Pair Go RICOH CUP 2008 〜リコー杯プロ棋士ペア碁選手権2008〜
大会レポート Tournament Report

大沢・趙ペアと小西・坂井ペアの一戦は、白番の大沢・趙ペアが布石でじっくりとした打ち回しを見せ、レドモンド九段の解説によれば、「白の打ち方は(6目半の)コミ碁の見本」となる進行。その後、お互いに模様を張り合い、荒らし合う展開となった。

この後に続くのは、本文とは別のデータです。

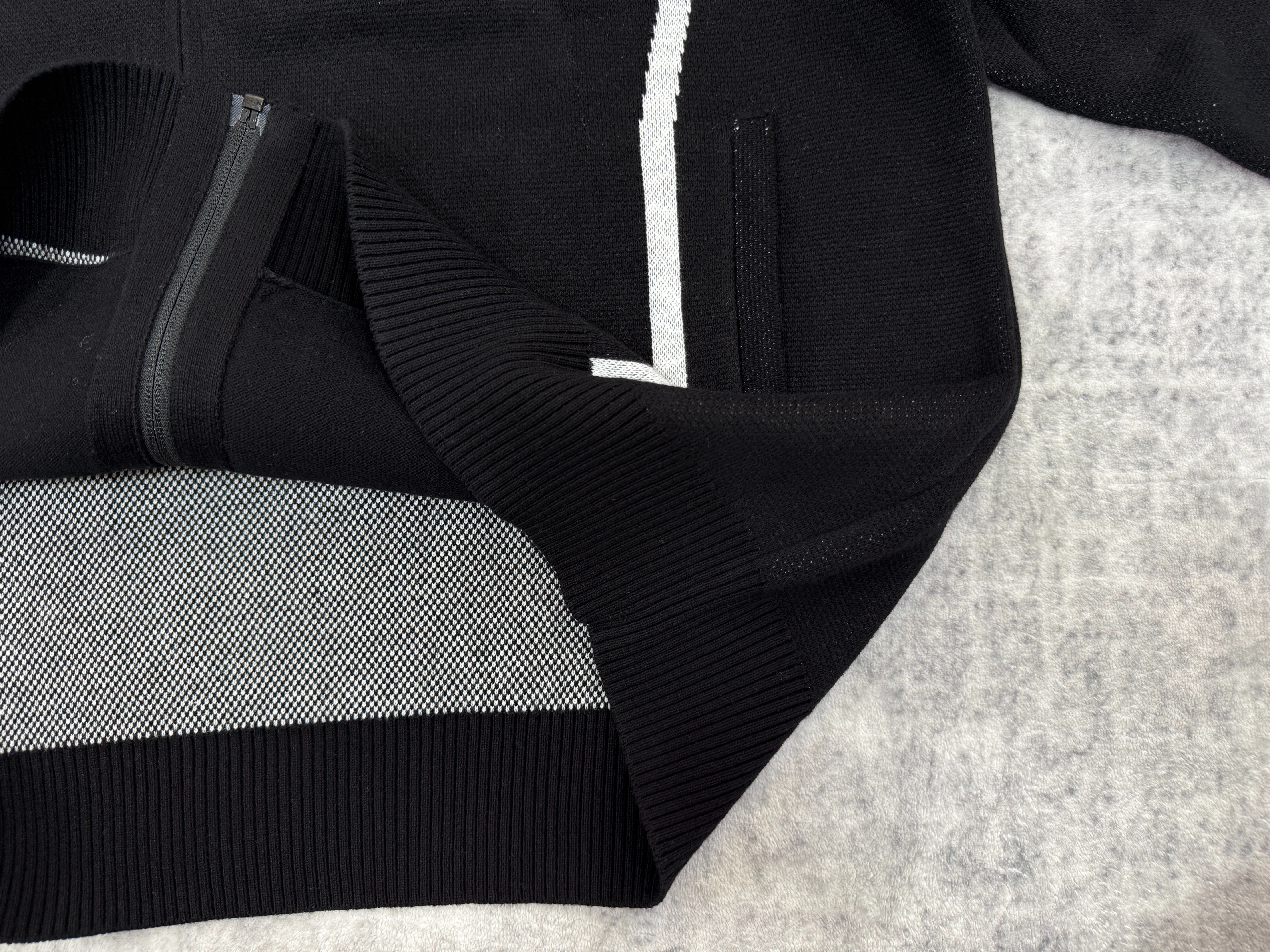 supXumbro top - Image 7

「趙先生は負けると、この大盤解説会場に乱入してくるのですが、今年は勝っているので、現われませんね」というレドモンド九段の言葉に、ここ数年続いていた「趙十段の乱入」⇒「趙&レドモンドにわか解説会」⇒「場内大爆笑」を知っているファンから笑いが起こった。矢代五段も「趙先生の解説を聞きたいし、でも対局にも勝ってほしいし、複雑ですね」。


さて、この対局は、白が黒模様の荒らしにまずまずの戦果をあげた後、白模様の中で険しい戦いが始まった。黒が大暴れして優勢に立ったかに見えたのだが、「黒に大錯覚があった」とレドモンド九段。「形勢は不明」となり、険しい戦いが続いていった。
刻一刻と盤上の景色が変わっていき、一体形勢がどうなっているのか、見ている側が追いつかない。「白が損をしたのか?」と思われた次の瞬間に、中央に大きな白地がまとまって、形勢は一気に白に傾いた。黒の最後の勝負手は空振りに終わり、小西・坂井ペアが無念の投了となった。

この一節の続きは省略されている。